Mentoring Alliance celebrates successes during annual luncheon

Published on Thursday, 9 November 2017 18:23 - Written by AUGUSTA ROBINSON, augustarobinson@tylerpaper.com

It was about five years ago when Kevin East told a now former neighbor he was going to change jobs and become president of The Mentoring Alliance.

The Christ-centered ministry is designed to help improve the lives of children and families in tough social and economic circumstances.

Skeptical of the program’s effectiveness, the neighbor told East he was wasting his time.

East said he understands how his former neighbor may have responded so strongly and hopelessly, given the negative statistics and press about the outcomes of those who grow up in dire situations.

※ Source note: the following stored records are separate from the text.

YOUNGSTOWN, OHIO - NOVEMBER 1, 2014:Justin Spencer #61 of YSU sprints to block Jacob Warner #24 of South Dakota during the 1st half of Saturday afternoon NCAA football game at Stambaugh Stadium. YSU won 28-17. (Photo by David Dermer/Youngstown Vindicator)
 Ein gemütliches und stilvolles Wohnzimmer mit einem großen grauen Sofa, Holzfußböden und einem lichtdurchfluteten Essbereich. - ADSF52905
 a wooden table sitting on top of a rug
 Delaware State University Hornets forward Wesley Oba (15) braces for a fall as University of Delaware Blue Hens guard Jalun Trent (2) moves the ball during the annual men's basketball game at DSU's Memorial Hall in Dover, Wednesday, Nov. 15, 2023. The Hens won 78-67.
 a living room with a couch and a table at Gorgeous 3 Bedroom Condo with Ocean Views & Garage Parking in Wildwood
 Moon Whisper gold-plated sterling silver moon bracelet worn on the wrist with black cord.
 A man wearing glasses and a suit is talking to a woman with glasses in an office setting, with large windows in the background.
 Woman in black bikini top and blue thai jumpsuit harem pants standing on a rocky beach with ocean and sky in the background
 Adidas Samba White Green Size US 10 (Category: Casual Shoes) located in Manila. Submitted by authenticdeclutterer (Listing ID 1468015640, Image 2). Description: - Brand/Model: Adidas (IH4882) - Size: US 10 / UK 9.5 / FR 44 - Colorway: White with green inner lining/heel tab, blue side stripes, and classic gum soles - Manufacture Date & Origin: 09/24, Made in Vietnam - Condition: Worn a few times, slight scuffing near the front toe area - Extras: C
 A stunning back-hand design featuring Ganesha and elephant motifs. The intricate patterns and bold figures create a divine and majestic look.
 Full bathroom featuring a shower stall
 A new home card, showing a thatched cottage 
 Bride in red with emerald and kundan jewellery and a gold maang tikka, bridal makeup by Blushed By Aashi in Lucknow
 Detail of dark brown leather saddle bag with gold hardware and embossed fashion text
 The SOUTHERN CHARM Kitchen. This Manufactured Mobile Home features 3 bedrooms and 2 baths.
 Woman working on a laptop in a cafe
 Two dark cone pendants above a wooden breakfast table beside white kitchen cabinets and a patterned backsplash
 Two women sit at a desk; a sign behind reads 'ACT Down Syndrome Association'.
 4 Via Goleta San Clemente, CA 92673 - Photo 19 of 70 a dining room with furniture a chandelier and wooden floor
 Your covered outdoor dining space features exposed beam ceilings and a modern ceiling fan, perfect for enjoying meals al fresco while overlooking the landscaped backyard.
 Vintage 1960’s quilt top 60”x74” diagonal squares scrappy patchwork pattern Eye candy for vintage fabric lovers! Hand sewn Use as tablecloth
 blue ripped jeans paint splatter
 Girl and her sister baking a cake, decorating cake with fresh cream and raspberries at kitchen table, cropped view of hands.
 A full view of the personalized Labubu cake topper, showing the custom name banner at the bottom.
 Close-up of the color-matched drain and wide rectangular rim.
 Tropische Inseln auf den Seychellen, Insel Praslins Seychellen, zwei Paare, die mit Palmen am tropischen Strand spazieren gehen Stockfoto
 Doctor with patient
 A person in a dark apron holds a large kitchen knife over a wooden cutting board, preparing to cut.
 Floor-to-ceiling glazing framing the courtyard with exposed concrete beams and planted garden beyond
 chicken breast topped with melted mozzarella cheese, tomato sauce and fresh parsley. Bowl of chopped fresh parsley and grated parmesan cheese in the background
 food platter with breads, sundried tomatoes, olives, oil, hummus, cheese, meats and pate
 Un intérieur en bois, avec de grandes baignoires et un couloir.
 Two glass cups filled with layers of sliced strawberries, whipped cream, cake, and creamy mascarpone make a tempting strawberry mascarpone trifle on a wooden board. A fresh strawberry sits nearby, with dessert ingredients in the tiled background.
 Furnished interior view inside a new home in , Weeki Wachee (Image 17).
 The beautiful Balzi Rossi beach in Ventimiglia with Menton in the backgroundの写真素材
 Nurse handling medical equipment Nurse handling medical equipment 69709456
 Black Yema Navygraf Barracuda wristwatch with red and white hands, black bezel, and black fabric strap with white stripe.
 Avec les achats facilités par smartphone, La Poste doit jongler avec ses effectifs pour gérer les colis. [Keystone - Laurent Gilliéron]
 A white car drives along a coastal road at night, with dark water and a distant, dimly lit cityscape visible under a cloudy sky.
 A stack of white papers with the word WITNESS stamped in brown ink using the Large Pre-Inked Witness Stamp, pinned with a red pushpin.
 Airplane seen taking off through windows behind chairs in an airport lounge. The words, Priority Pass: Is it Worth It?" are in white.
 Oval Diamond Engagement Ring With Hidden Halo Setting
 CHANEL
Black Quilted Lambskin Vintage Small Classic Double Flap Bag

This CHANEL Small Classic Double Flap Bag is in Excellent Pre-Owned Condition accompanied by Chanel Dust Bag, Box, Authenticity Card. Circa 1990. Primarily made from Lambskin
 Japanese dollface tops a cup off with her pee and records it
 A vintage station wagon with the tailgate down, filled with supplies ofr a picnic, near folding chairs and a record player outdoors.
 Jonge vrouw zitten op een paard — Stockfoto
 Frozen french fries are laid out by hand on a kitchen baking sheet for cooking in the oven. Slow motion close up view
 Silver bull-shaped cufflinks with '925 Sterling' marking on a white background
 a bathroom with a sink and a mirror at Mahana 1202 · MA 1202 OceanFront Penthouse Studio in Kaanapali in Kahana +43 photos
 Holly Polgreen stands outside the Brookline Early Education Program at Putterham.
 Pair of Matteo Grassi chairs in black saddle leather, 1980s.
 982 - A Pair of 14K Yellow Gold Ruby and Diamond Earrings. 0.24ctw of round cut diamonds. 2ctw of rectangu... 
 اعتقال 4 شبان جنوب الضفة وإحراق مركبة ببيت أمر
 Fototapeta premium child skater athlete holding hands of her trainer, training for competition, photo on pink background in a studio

“I know what it’s like to hear and see the stories of people far off but when you’re not close, when you don’t have the proximity to really understand what that pain and that hurt and that brokenness looks and feels like, it’s easy just to kind of cast aspersionstowards those people,” he added. “When you get near to them, you call them friend and it gets much different.”

This idea has helped lead East and other staff and volunteers with the Mentoring Alliance.

The Mentoring Alliance serves about 1,200 children each day through its three programs: the Boys & Girls Clubs of East Texas, Gospel Village and Rose City Summer Camps.

Speaking to a crowd of about 380 people during the alliance’s annual luncheon on Thursday, East touted the progress the program has made and encouraged attendees to continue to support its ministries as it looks to improve the lives of local children.

Citing several statistics about students in the community, East said 26 percent of households in Smith County are led by single parents, 71 percent of Tyler ISD students come from families below poverty level and 64 percent of TISD students are considered at risk for not graduating from high school.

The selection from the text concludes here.